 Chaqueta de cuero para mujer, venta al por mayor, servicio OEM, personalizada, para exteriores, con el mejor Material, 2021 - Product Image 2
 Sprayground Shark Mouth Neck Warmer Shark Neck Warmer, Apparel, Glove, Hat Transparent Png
=-=-=-=-=
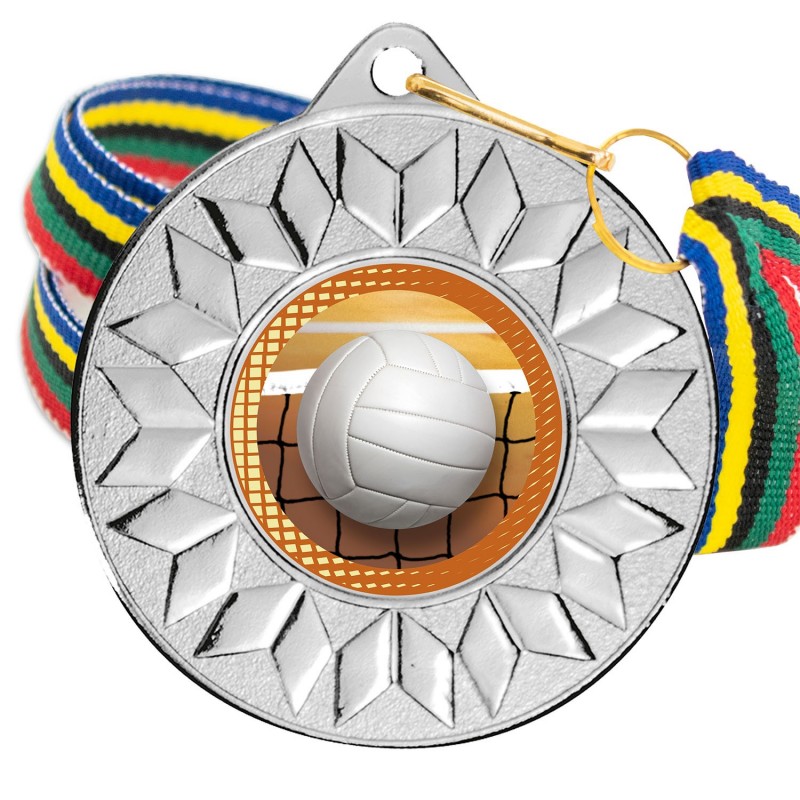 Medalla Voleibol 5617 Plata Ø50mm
=-=-=-=-=
Aim of the exercise
Keep both end lines and retype everything in the records above from the line containing "Chaqueta de cuero" through the line containing "Sprayground Shark Mouth", exactly, with nothing else.

Answer box
 Chaqueta de cuero para mujer, venta al por mayor, servicio OEM, personalizada, para exteriores, con el mejor Material, 2021 - Product Image 2
 Sprayground Shark Mouth Neck Warmer Shark Neck Warmer, Apparel, Glove, Hat Transparent Png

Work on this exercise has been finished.